Abstract

Liutex is a physical quantity like velocity, vorticity, pressure, temperature, etc., describing local fluid rotation or vortex, which was ignored for centuries. Liutex was defined by the University of Arlington at Texas (UTA) team in 2018 as a vector for vortex. Its direction is the local rotation axis, and magnitude is twice local angular rotation speed. As the third generation of vortex definition and identification, Liutex has been widely applied for visualization of vortex structure to replace the first generation or vorticity, which cannot distinguish shear from rotation and the second generation such as Q, Δ, λ2, and λci methods, which are all scalar without rotation axis, dependent on threshold and contaminated by shear and stretching. Several new vortex identification methods have been developed, especially the modified Liutex-Omega method, which is threshold insensitive, and the Liutex-Core-Line method, which is unique and threshold-free. According to the Liutex vector, a unique coordinate system called Principal Coordinate can be set up, and consequent Principal Decomposition of velocity gradient tensor can be made. Different from classical fluid kinematics, the Liutex-based new fluid kinematics decomposes the fluid motion to a rotational part and a non-rotational part (UTA R-NR decomposition).

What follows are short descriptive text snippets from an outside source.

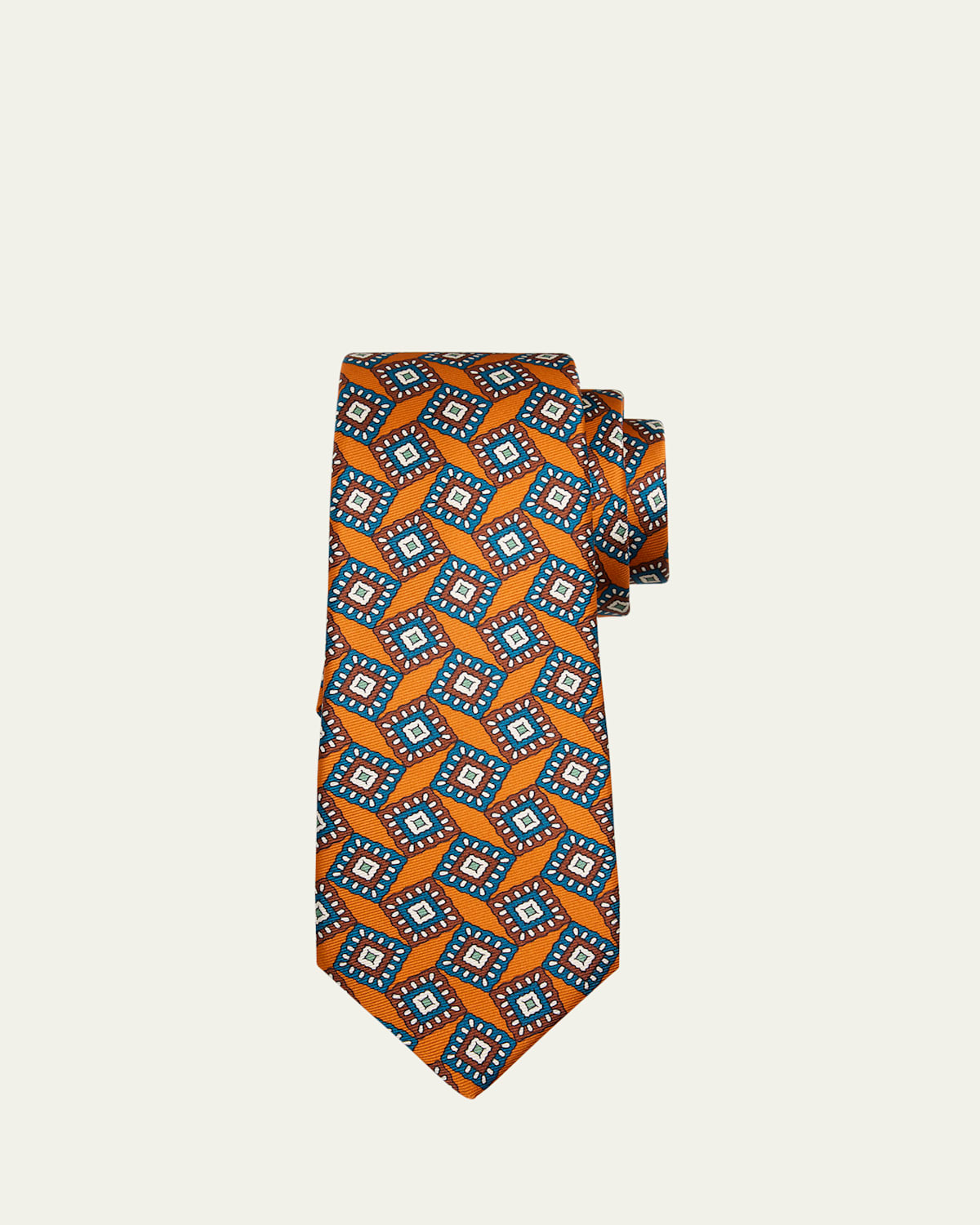 Men's 7-Fold Geometric Square Silk Tie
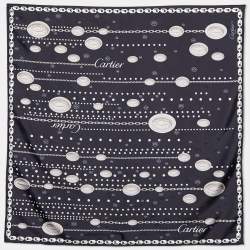Cartier Black Chain Print Silk Square Scarf
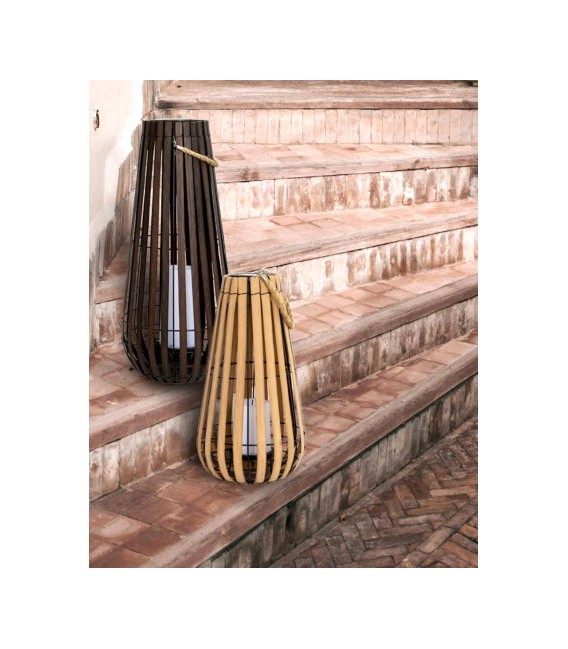 LAMPARA DE PIE SOLAR LED INTEGRADO PP IMITACION NOGAL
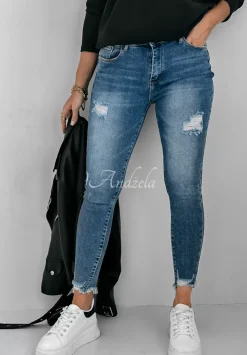 Spodnie Jeansowe Skinny Z Przetarciami Good Job Niebieskie
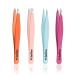 Velodios Tweezers for Women and men Professional Precision Tweezers for Eyebrows Pointed and Slant Tweezers for Facial Hair Splinter and Ingrown Hair Removal Stainless Steel Tweezers Set - 4Pack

The non-rotational part can be further decomposed to stretching and shear consisting of symmetric shear and anti-symmetric shear in contrast with the classical fluid kinematics, which decomposes fluid motion to deformation and vorticity, that was misunderstood as rotation. According to the constitutive relation between stress and strain, the new fluid kinematics may give significant influence to new fluid dynamics.